# What you need to do
Only an exact copy of the lines from the one containing "Sabahın ilk ışıklarında" through the last line of the material below belongs in the answer, with no pictures.

# Supplied data
*** Begin section ***
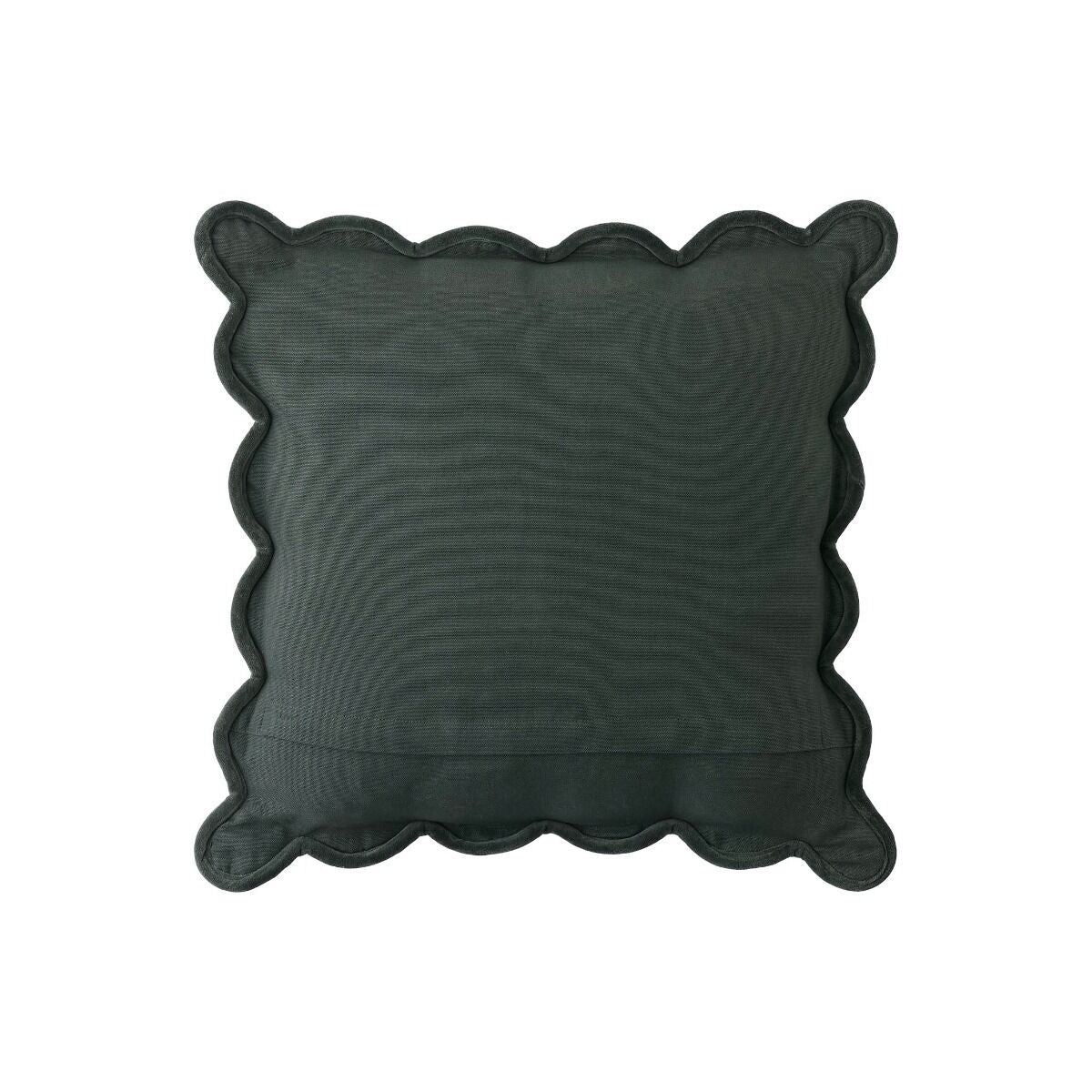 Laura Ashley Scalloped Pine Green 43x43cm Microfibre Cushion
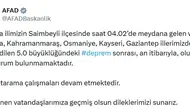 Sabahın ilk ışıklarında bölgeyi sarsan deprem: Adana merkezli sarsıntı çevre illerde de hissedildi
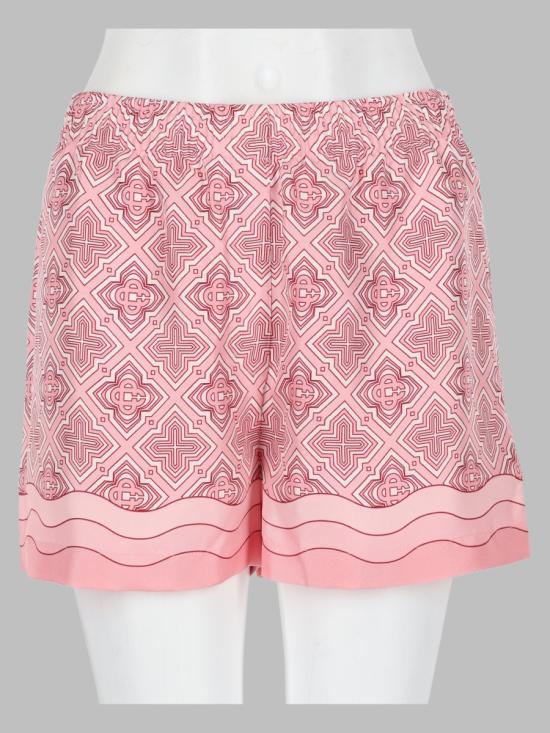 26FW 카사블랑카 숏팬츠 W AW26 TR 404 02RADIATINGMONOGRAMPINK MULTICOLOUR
*** End section ***
# Exercise solution
 Sabahın ilk ışıklarında bölgeyi sarsan deprem: Adana merkezli sarsıntı çevre illerde de hissedildi
 26FW 카사블랑카 숏팬츠 W AW26 TR 404 02RADIATINGMONOGRAMPINK MULTICOLOUR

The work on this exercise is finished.